2.3. In the case of payment of salaries or amounts owed to third-party service providers, the lender may transfer funds directly to persons in one or more tranches to whom salary payments are owed and/or third-party service providers and the funds so transferred will be considered part of the loan money.
2.4 The actual date of transfer of any part of the loan to the Company or to any persons to whom salary payment s are owed or third -party service providers shall be considered for all purposes as the date of providing the loan ("date of provision of the loan").
2.5 Subject to the following sentence, the Company hereby undertakes an irrevocable undertaking that the principal amount of the loan will be repaid in full to the lender up to and no later than the repayment date.
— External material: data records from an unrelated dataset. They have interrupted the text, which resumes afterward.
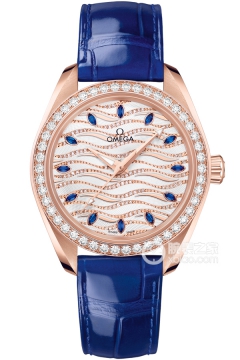 OMEGA SEAMASTER 220.58.34.20.99.005(22058342099005) <em>watch</em>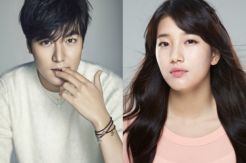Kasihan, Suzy Bae dan...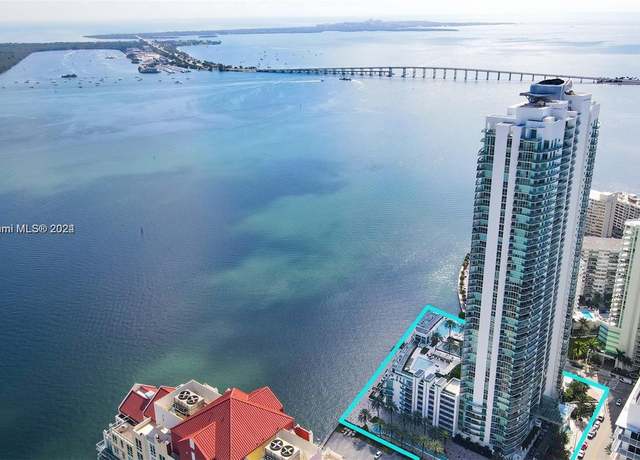 Property at 1331 Brickell Bay Dr #903, Miami, FL 33131, 2 beds, 3 baths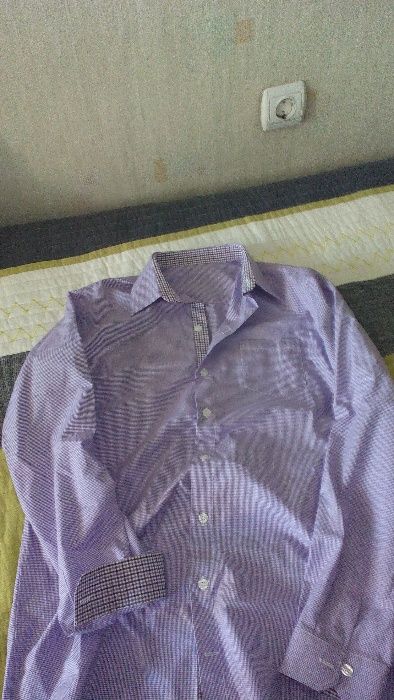 Детски ризи 2 броя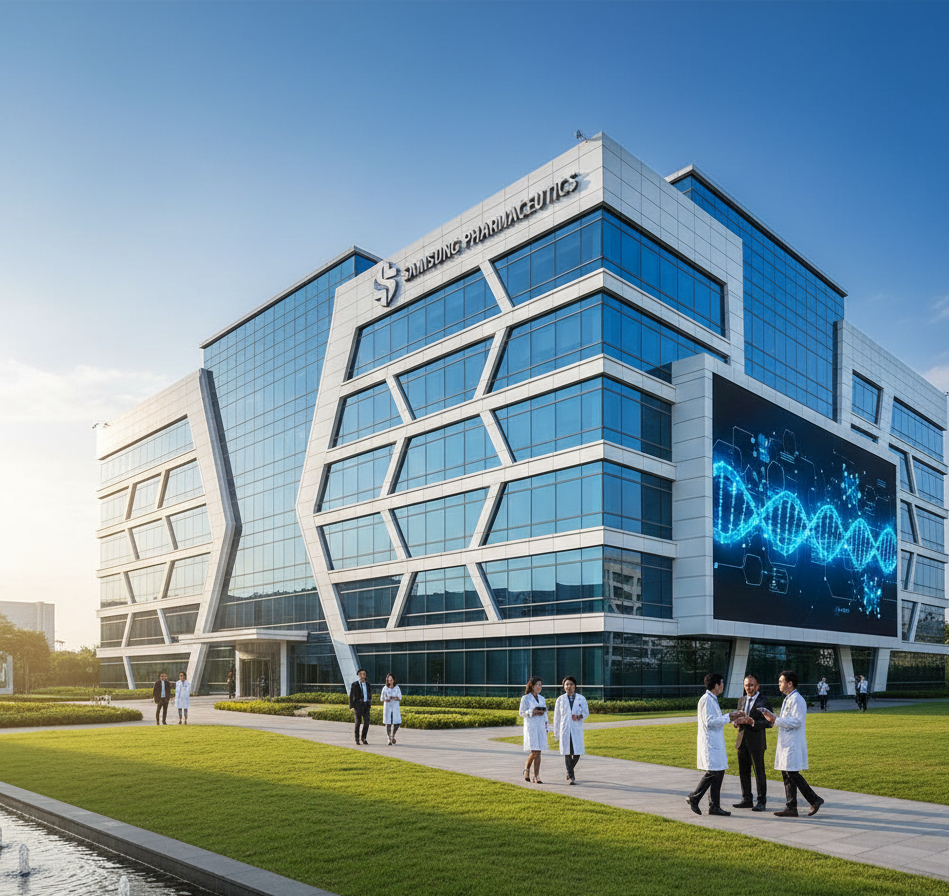 삼성제약 관련사진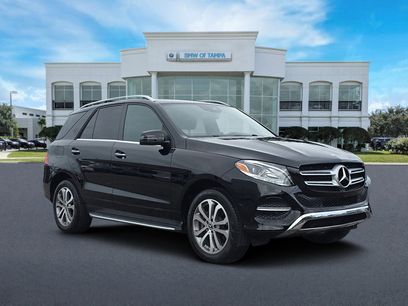 Used 2018 Mercedes-Benz GLE 350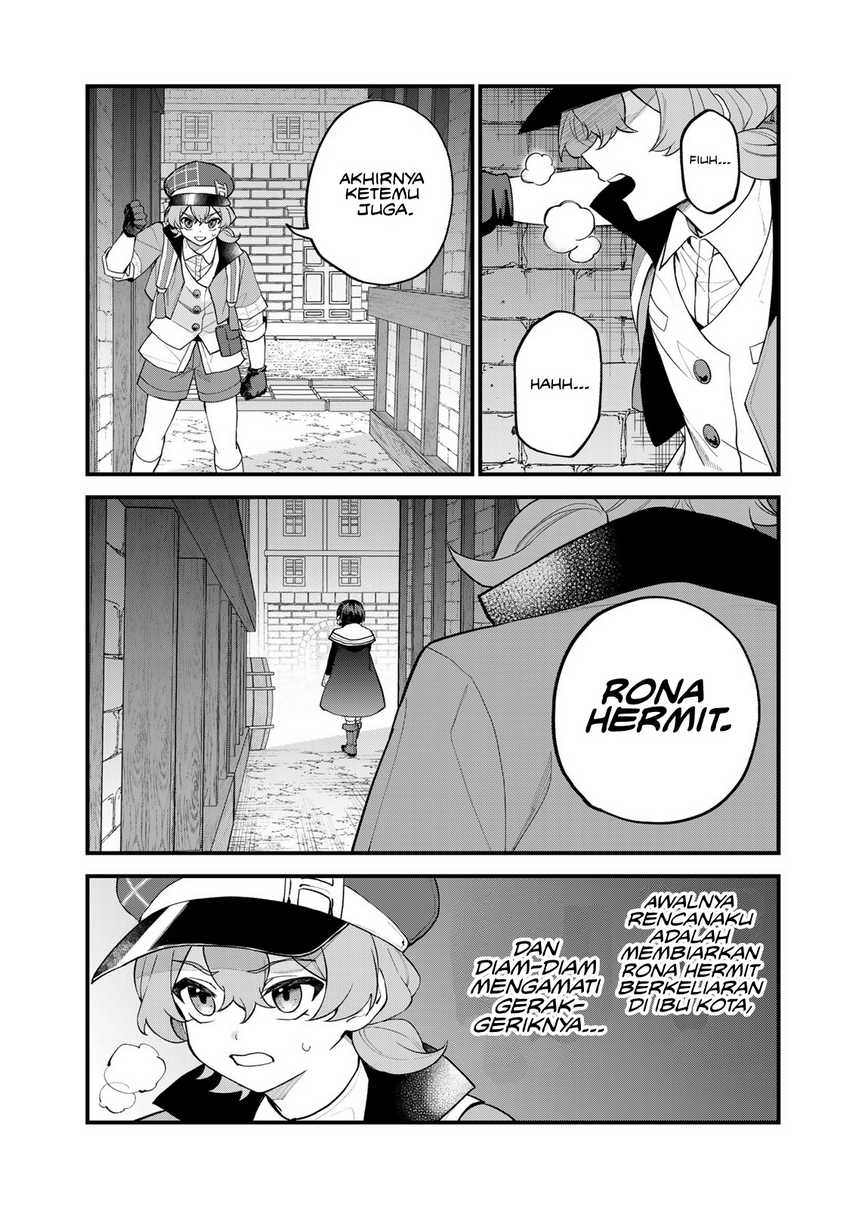 sekai-saikyou-no-majo-hajimemashita - Chapter: 34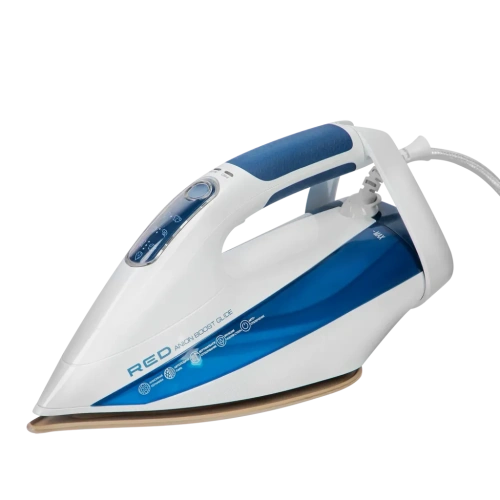 Утюг RED SOLUTION RI-C295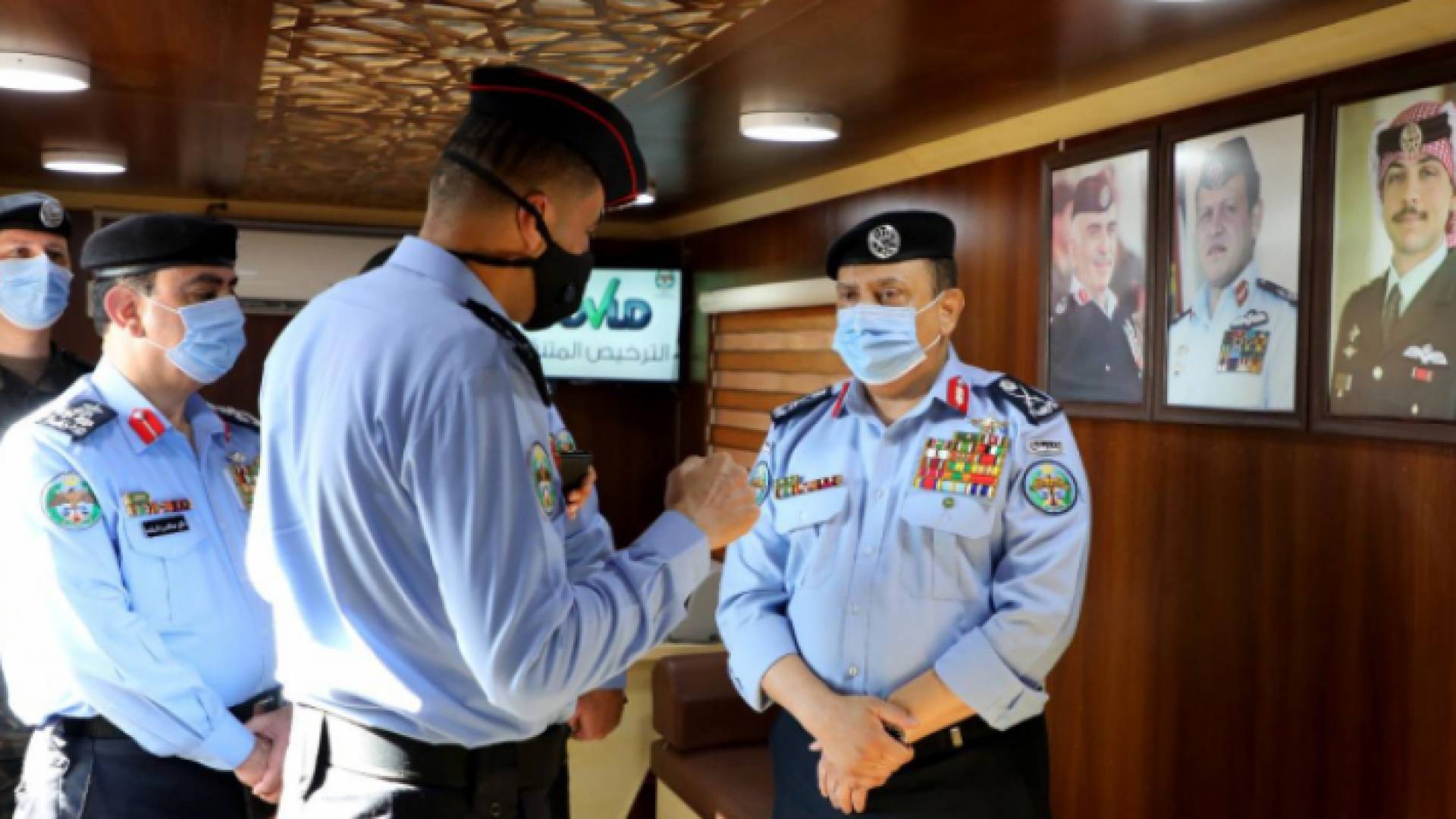 الصورة أرشيفية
In satisfaction of the Company's obligation in the previous sentence, the parties agree that the Company will transfer back to the lender the same amount that the lender loaned to the Company in New Israeli Shekels (i.e., even if exchange rates have changed and, thus, the amount repaid to the lender is more or less than U.S. $150,000). The loan shall be a senior secured obligation of the company, with priority over all Indebtedness of the company (unless such indebtedness is a senior secured obligation of the company or contains a covenant against issuing senior secured indebtedness, in which case this loan shall be junior to such indebtedness). The obligations of the company under this agreement are secured pursuant to the terms of this agreement and such security interest includes but is not limited to all of the assets of the company and its subsidiaries. So long as the company shall have any obligation under this agreement, the company shall not (directly or indirectly through any subsidiary or affiliate) incur or suffer to exist or guarantee any Indebtedness that is senior to or pari passu with (in priority of payment and performance) the company's obligations hereunder.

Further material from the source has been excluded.